11. Başvurucu 7/9/2012 tarihinde askerlik yaptığı ortamda yeterli
sağlık koşullarının olmaması nedeniyle mevcut hastalığa yakalandığını,
askerdeki ilk tedavilerinde durumunun basit bir vaka gibi değerlendirilerek
kendisine yeterli ihtimamın gösterilmemesi nedeniyle hastalığının ilerlediğini,
tam olarak iyileşmeden GATA'dan taburcu edildiği için terhis sonrasında da
tedavi olduğunu ve tedavisinin sürdüğünü, nihayet 14/8/2012 tarihli raporla %40
oranında kalıcı iş gücü kaybı meydana geldiğinin sabit görüldüğünü ve yardıma
muhtaç hâle geldiğini belirterek Millî Savunma Bakanlığından maddi ve manevi
tazminat talebinde bulunmuştur.
12. Başvuruya idarece kanuni süresi içinde cevap verilmemesi
üzerine adli yardım talepli açılan tam yargı davasında, Askeri Yüksek İdare
Mahkemesi (AYİM) İkinci Dairesi öncelikle başvurucunun adli yardım talebini
kabul etmiş ve 20/2/2013 tarihli ve E.2013/247, K.2013/209 sayılı kararı ile de
davayı süre aşımı yönünden reddetmiştir.
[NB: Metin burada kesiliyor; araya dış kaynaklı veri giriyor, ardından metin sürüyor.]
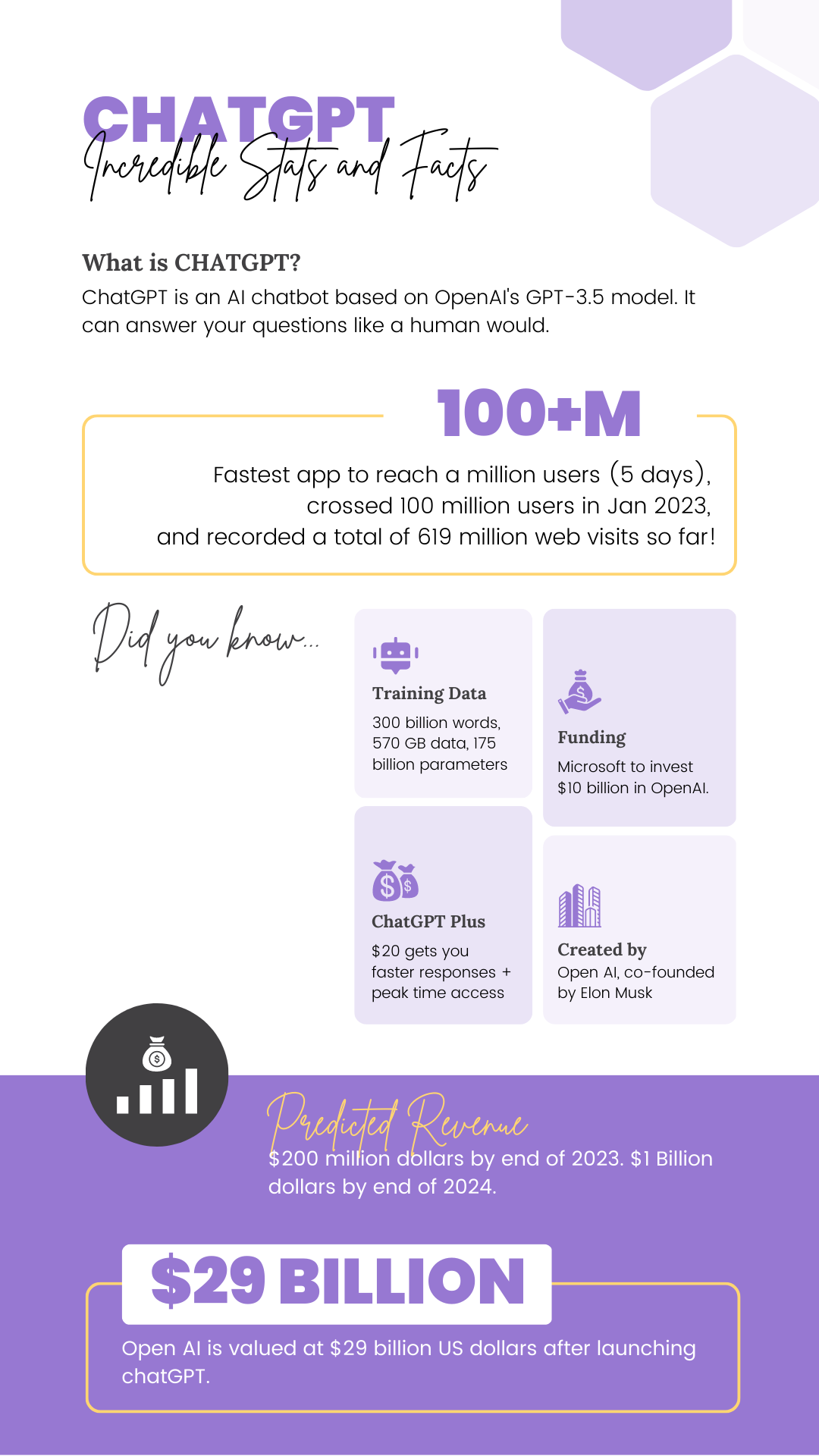 Introducing ChatGPT – The Future Of Business Development!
Kararın gerekçesi şöyledir:
“Bu hükümler çerçevesinde davacının durumu
değerlendirildiğinde; askerlik hizmeti esnasında hizmet koşullarından
raporlarda belirtilen rahatsızlığa yakalanıp vaktinde tedavi yapılmaması
nedeniyle rahatsızlığının ciddi boyutlara ulaşıp askerliğe elverişsiz hale
geldiği belirtilen olay ile ilgili olarak davacı hakkında askerde iken 23.01.2008-21.01.2009
tarihleri arasında yapılan tedavi ve muayenesinin ardından GATA Haydarpaşa
Eğitim Hastanesi sağlık kurulunun 21.01.2009 tarih ve 328 nolu
raporunda "Bronşuektezi" tanısıyla
askerliğe elverişli olmadığına karar verildiği ve terhis işleminin yapıldığı,
Mahkememizin istikrar kazanmış olan içtihatları uyarınca, lehe yapılan yorumla,
davacının zararını en geç, tıbbi tedavi sonrasında verilen bu raporun onay
tarihinde öğrendiğinin kabul edilmesinin gerektiği, bu durumda 1602 sayılı
Askeri Yüksek İdare Mahkemesi Kanununun 43/1 nci
maddesinin “idari eylemlerden hakları ihlal edilmiş olanların Askeri Yüksek
İdare Mahkemesinde dava açmadan önce, bu eylemlerin yazımlı
bildirimi üzerine veya başka suretle öğrendikleri tarihten itibaren bir yıl ve
her halde eylem tarihinden itibaren beş yıl içinde yetkili makama başvurarak
haklarının yerine getirilmesini istemeleri lazımdır." şeklindeki açık
düzenlemesi karşısında 21.01.2009 tarihli raporun onay tarihinden itibaren bir
yıl içerisinde idari müracaatta bulunmasının gerektiği, davacının ise bu bir
yıllık süre geçtikten sonra tazminat istemli dava dilekçesiyle 07.09.2012
tarihinde davalı idareye müracaat ettiği, 17.08.2012 tarihli özürlülük durumuna
ilişkin raporun zararın öğrenilme tarihini etkilen bir niteliği olmadığı, bu
şekilde “bir yıl içinde yetkili makama müracaat” koşulunun gerçekleşmediği
anlaşıldığından, davanın süreaşımı yönünden reddine karar verilmesi gerektiği
sonucuna varılmıştır.”
13. Başvurucunun karar düzeltme istemi de aynı Dairenin
11/9/2013 tarihli ve E.2013/1125, K.2013/946 sayılı kararıyla reddedilmiş,
karar, 1/11/2013 tarihinde tebliğ edilmiştir.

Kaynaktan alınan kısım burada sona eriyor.